**Problem requirements:** Pictures aside, repeat all the entries below exactly as they appear.

-- Extracted entries follows --

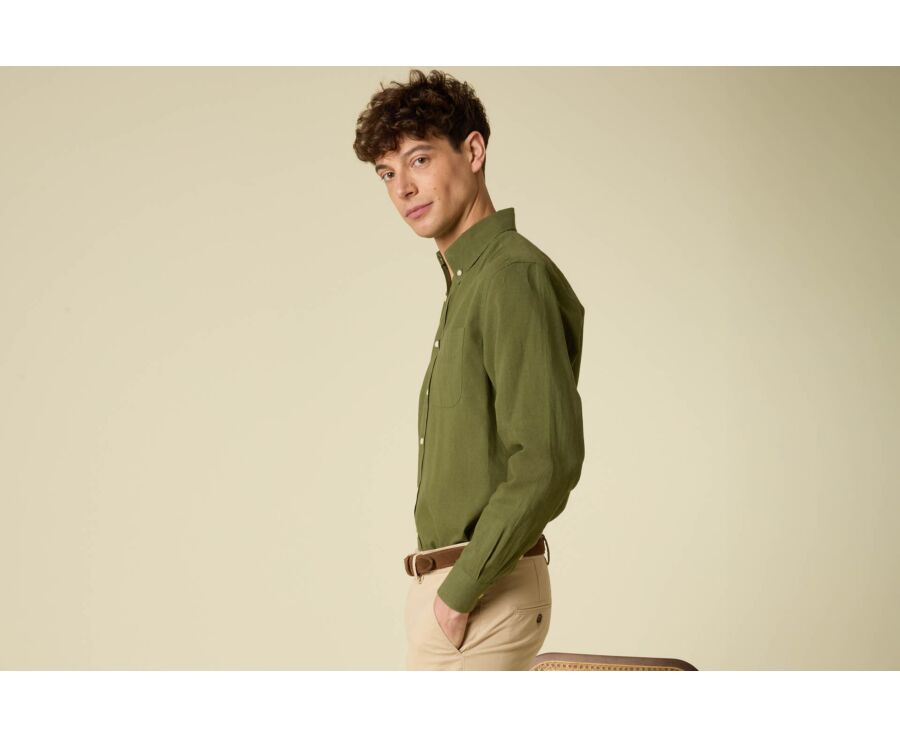 Chemise coton/lin Chambray Vert Foret - COLTEN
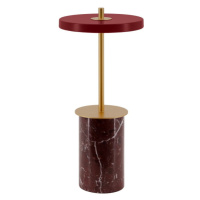 Červená mramorová LED stmívatelná stolní lampa s kovovým stínidlem (výška 25,5 cm) Asteria Move 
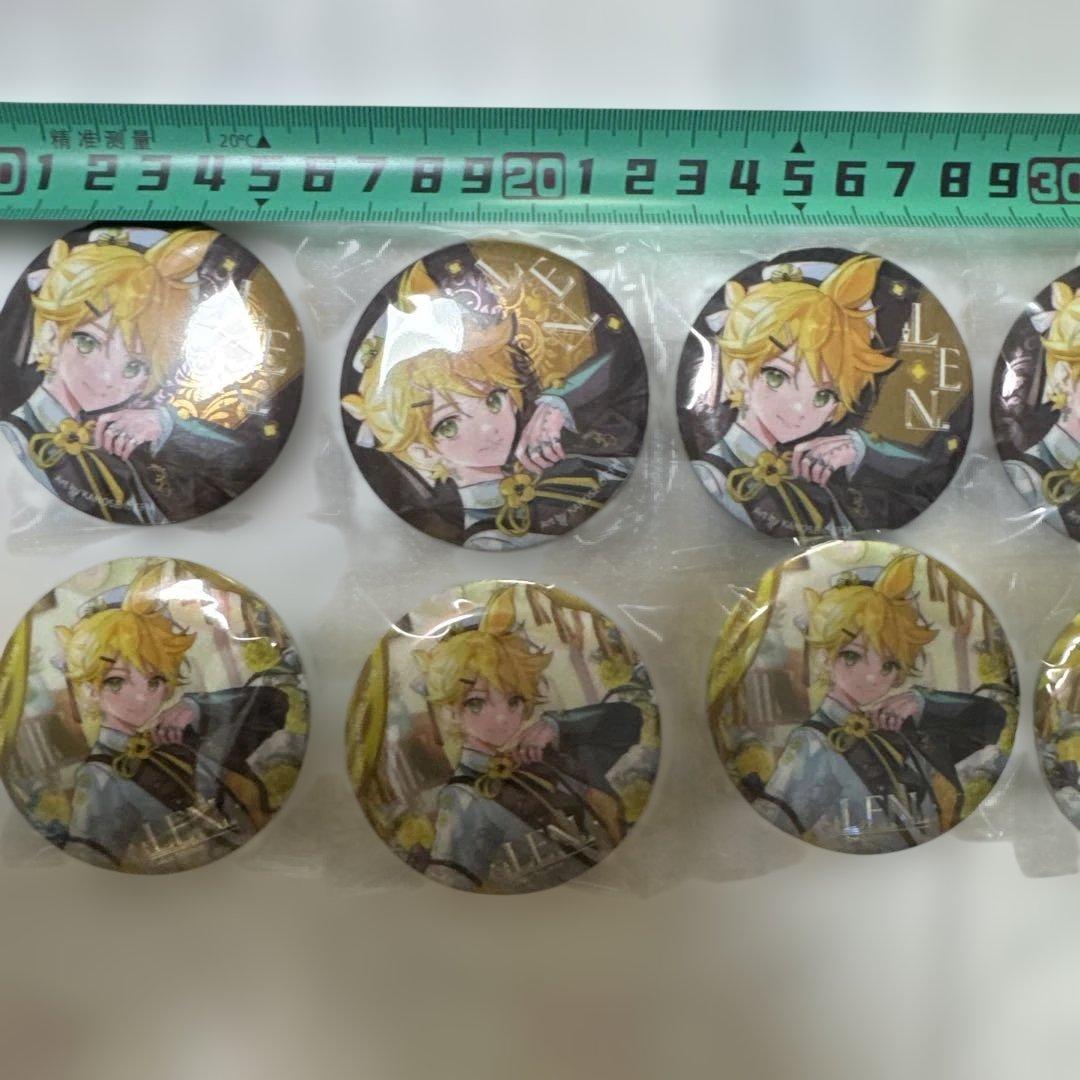初音ミク　鏡音レン　len 映彩 メタリック缶バッジ　セット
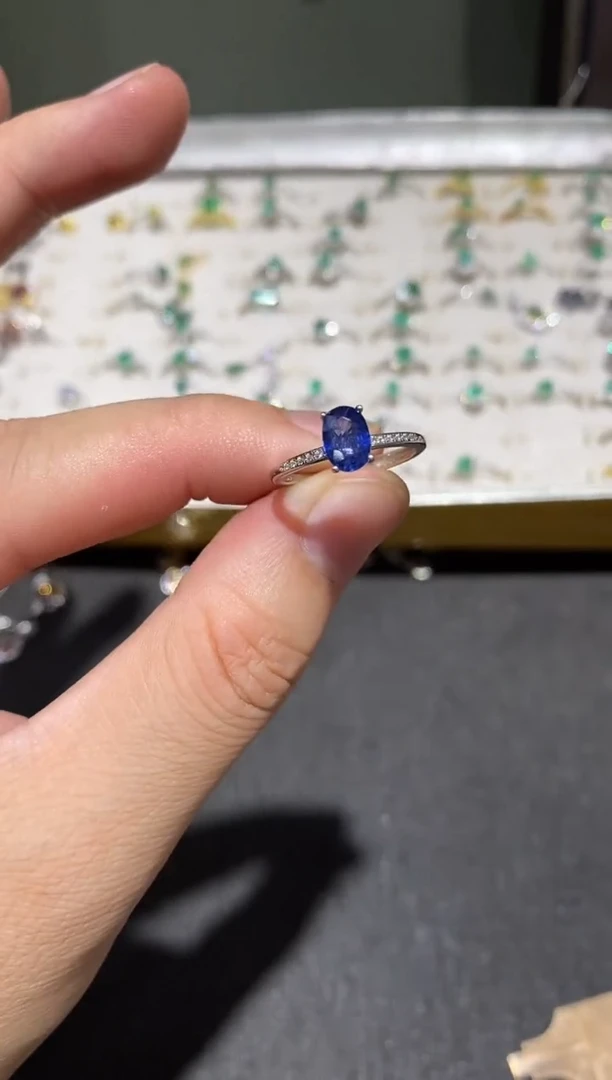 戒指蓝宝石银S925镶嵌戒指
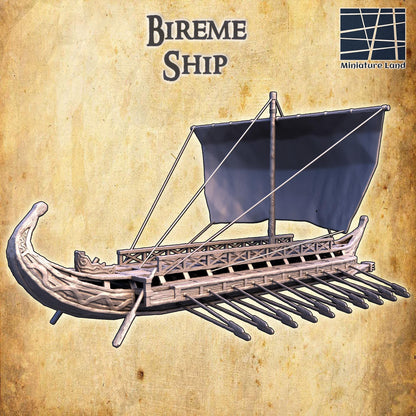 Bireme Ship - Tabletop Terrain - 28 MM, Tabletop 3D Printed Terrain by MiniatureLand, Perfect for Wargaming and RPGs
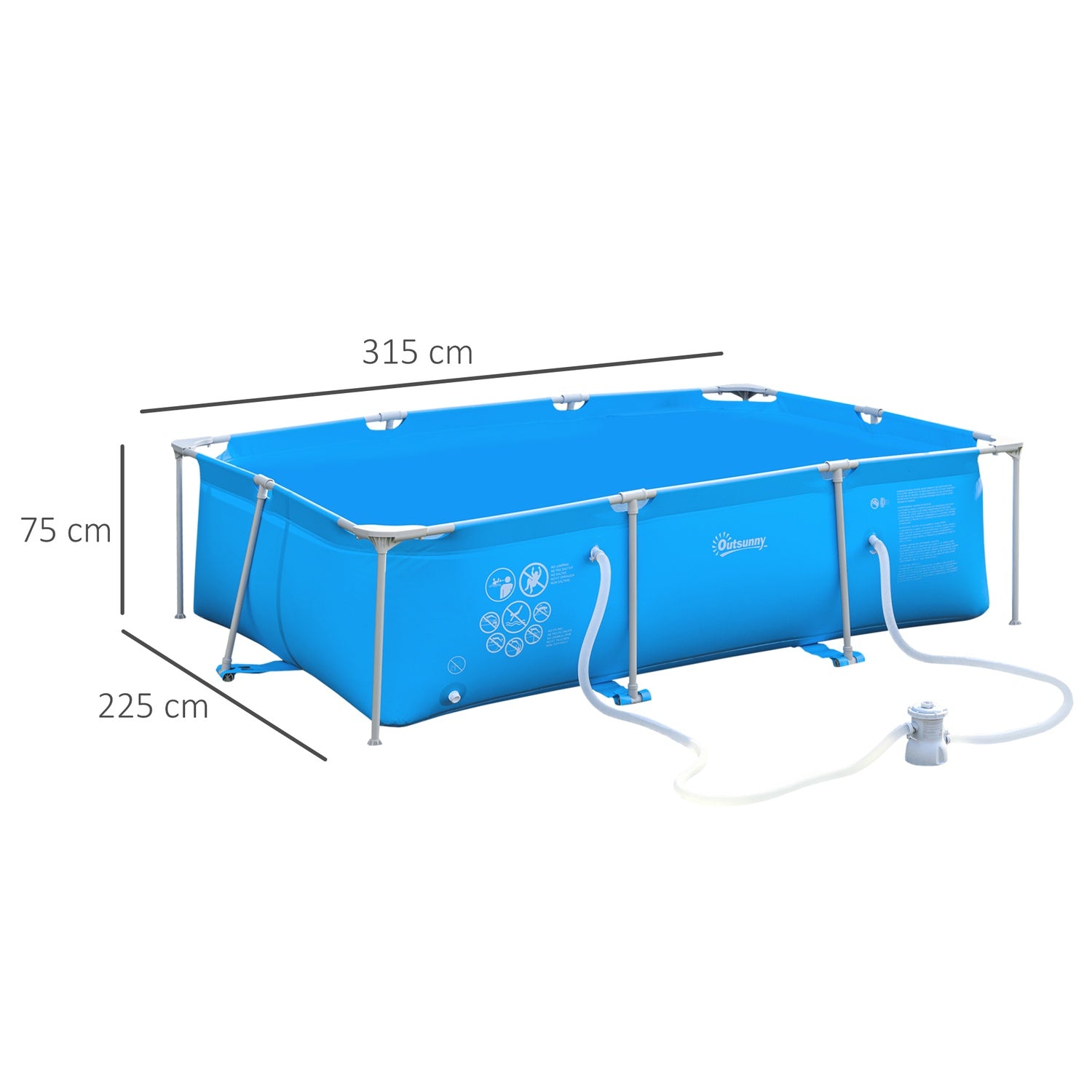 Stålramspool med dräneringsventil, blå PVC, 315x225x75 cm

-- Extracted entries concluded --

**Exercise result:**
 Chemise coton/lin Chambray Vert Foret - COLTEN
 Červená mramorová LED stmívatelná stolní lampa s kovovým stínidlem (výška 25,5 cm) Asteria Move 
初音ミク　鏡音レン　len 映彩 メタリック缶バッジ　セット
 戒指蓝宝石银S925镶嵌戒指
 Bireme Ship - Tabletop Terrain - 28 MM, Tabletop 3D Printed Terrain by MiniatureLand, Perfect for Wargaming and RPGs
 Stålramspool med dräneringsventil, blå PVC, 315x225x75 cm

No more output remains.